» **ABOUT THIS TASK**
Take the listing from its first line through the line that contains "a bathroom with" and please retype those lines exactly, leaving out the pictures.

» **GIVEN DATA**
==========

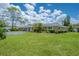 Charming villa featuring an attached garage and lush landscaping at 1510 Palmer Ct, Palm Harbor, FL 34685
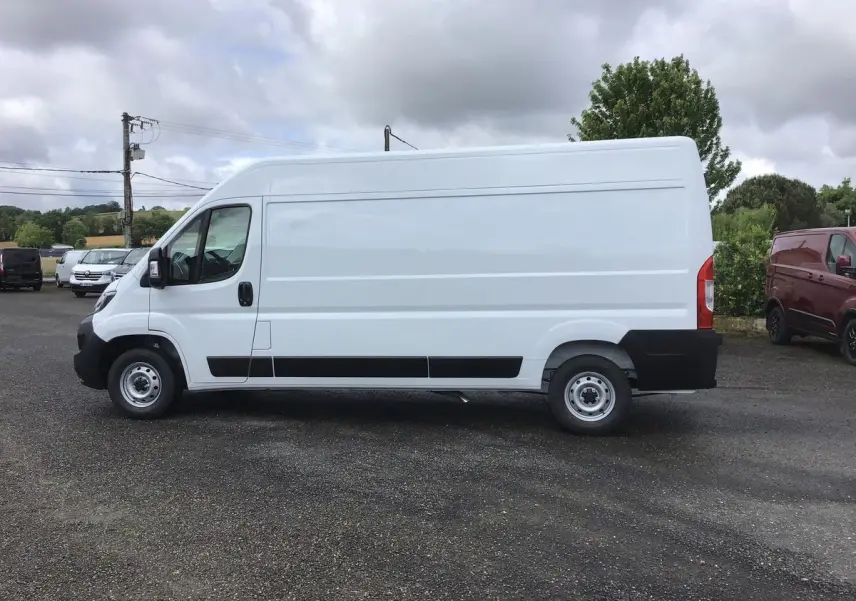 Profil côté gauche d’un FIAT Ducato Fourgon blanc 2023, avec bande noire basse et roues acier simples.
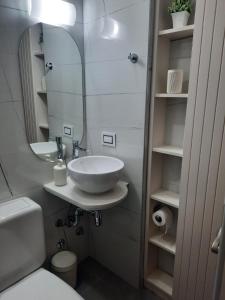 a bathroom with a sink and a mirror at Dunas I, 3 in Pinamar +38 photos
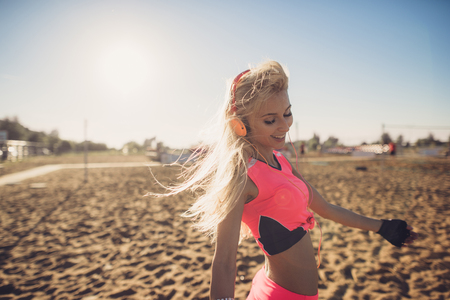 sport outdoor photo of beautiful young blonde woman in pink colorful sport suit listening to music on headphones by the beach.の写真素材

==========

» **TASK RESULT**
 Charming villa featuring an attached garage and lush landscaping at 1510 Palmer Ct, Palm Harbor, FL 34685
 Profil côté gauche d’un FIAT Ducato Fourgon blanc 2023, avec bande noire basse et roues acier simples.
 a bathroom with a sink and a mirror at Dunas I, 3 in Pinamar +38 photos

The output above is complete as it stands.